From Toronto Sun link to article by Mark Bonokoski March 8, 2018
Same tribe, different mindsets.
On Tyendinaga Mohawk Territory on the shores of Lake Ontario, dead centre between Toronto and Montreal, there are more than 20 pot dispensaries and at least 30 smoke shacks selling cheap cigarettes.
The population of Tyendinaga is 2,124.
Do the math.
At the Six Nations Mohawk Territory, however, the largest First Nations reserve in Canada with a population of 12,000-plus living on the reserve, there is a huge sign on the main highway indicating zero tolerance to illicit drugs.
Therefore, not a single pot dispensary exists on Six Nations, but upwards of 80 smoke shacks compete for business.
That will undoubtedly change when pot becomes legal, but a leader on First Nations finances is not prepared to roll the dice and hope the Trudeau Liberals will give them a fair share of the pot jackpot.
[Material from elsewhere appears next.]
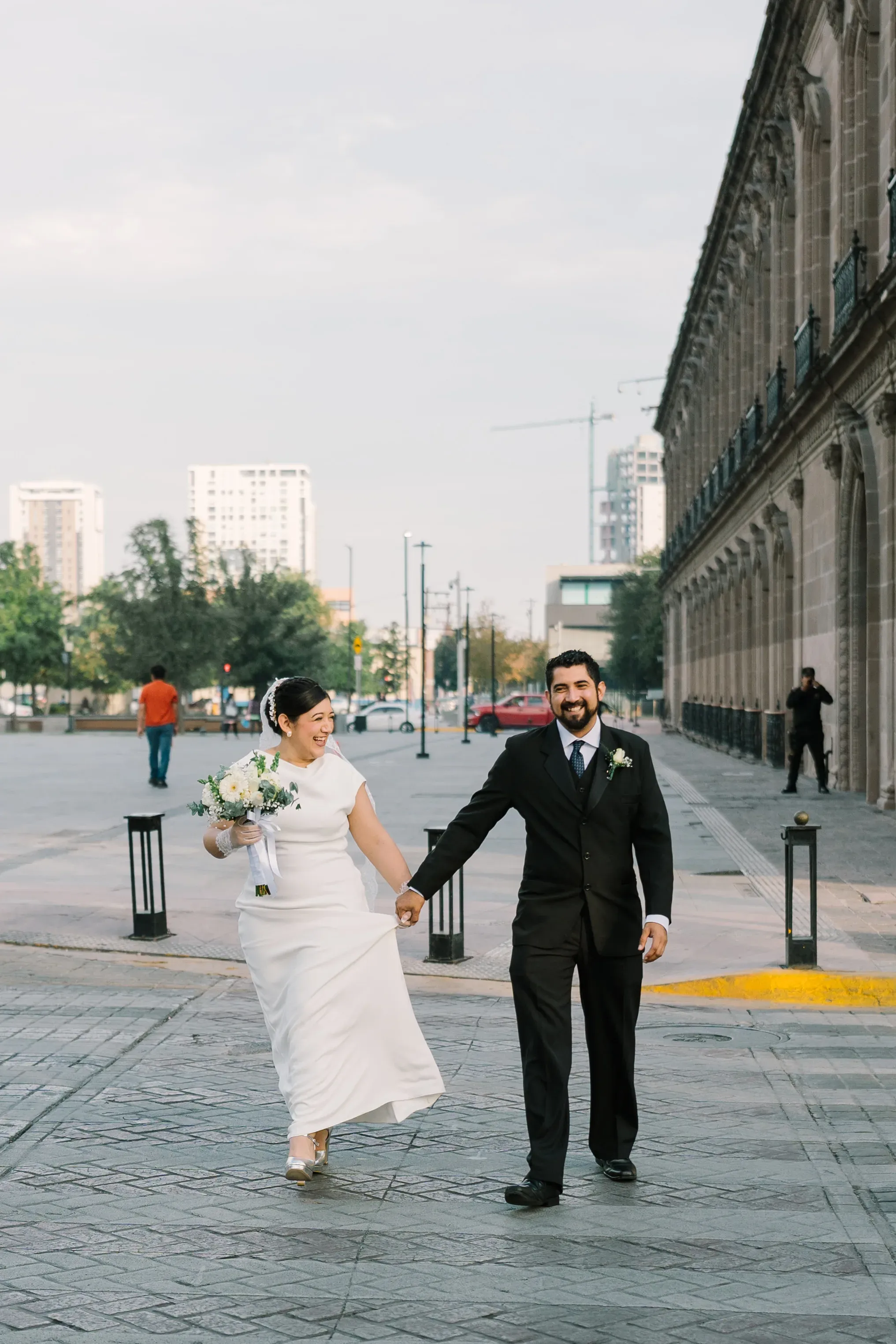 Amy y Jorge tomados de la mano caminando frente a edificio neoclásico en el centro de Monterrey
Manny Jules, chief commissioner of the First Nations Tax Commission, wants the Liberals to amend Bill C-45 to give First Nations governments unfettered taxing authority over cannabis grown and sold on their reserves.
If the Liberals suddenly got smart, they would see this as opportunity knocking, and the chance to exert some financial control on lands where revenuers and police, both the RCMP and Ontario provincial forces, dare not tread over fear of provoking another Oka, Ipperwash or Caledonia.
They should grant First Nations their wish, but with firm conditions.
Among Canada’s 600-plus reserves, for example, a full third have medium to high-risk drinking water situations.
This could be rectified if some of the taxes collected from cannabis sales, on reserve and off, was dedicated to speeding up the building and upgrading of water treatment centres.
A constant complaint among First Nations is the appalling housing conditions on so many reserves, the paucity of schools and the lack of professional health-care personnel and facilities.
A dedicated portion of the pot tax for First Nations could help address many of these ills.
The feds, and the province of Ontario — the epicentre for the manufacturing of Native cigarettes — have already lost control of the contraband cigarette market.
The moment a Native-produced cigarette leaves a reserve, for example, it immediately becomes illegal.
But ordinary smokers and contraband traffickers are flocking to these reserves in such numbers that experts say the tax revenues lost each year are upwards of a billion dollars.
Price point is the key. A carton of 200 legal cigarettes purchased at a convenience store is upwards of $115 because 70% of the retail cost is federal and provincial sin taxes.
A baggie of 200 loosely-packed smokes, meanwhile, free of all taxation, sells on reserves for as little as $10.
The sin is the criminality of having them, and it is only going to get worse when the plain-packaging of cigarettes becomes law, and no one can easily tell which product is legal.
The Trudeau Liberals have already cut a deal with the provinces on how the excise duty on legal marijuana will be divvied up. It will be a 75-25 split, with the province getting the lion’s share because of the costs of setting up the infrastructure and the costs of policing once pot becomes legal.
Manny Jules, the First Nations chief taxman, says First Nations will have to incur similar costs without the quid pro quo of financial gain.
He even cited contraband tobacco as an example of what can go wrong without proper oversight and an “orderly approach.”
“Where there is no law, you’re going to have problems,” Jules told the CBC, stating the pot legislation as it stands is already a “dog’s breakfast” because his people were never consulted.
Cigarettes and marijuana.
Different smoke, same cockup-in-waiting.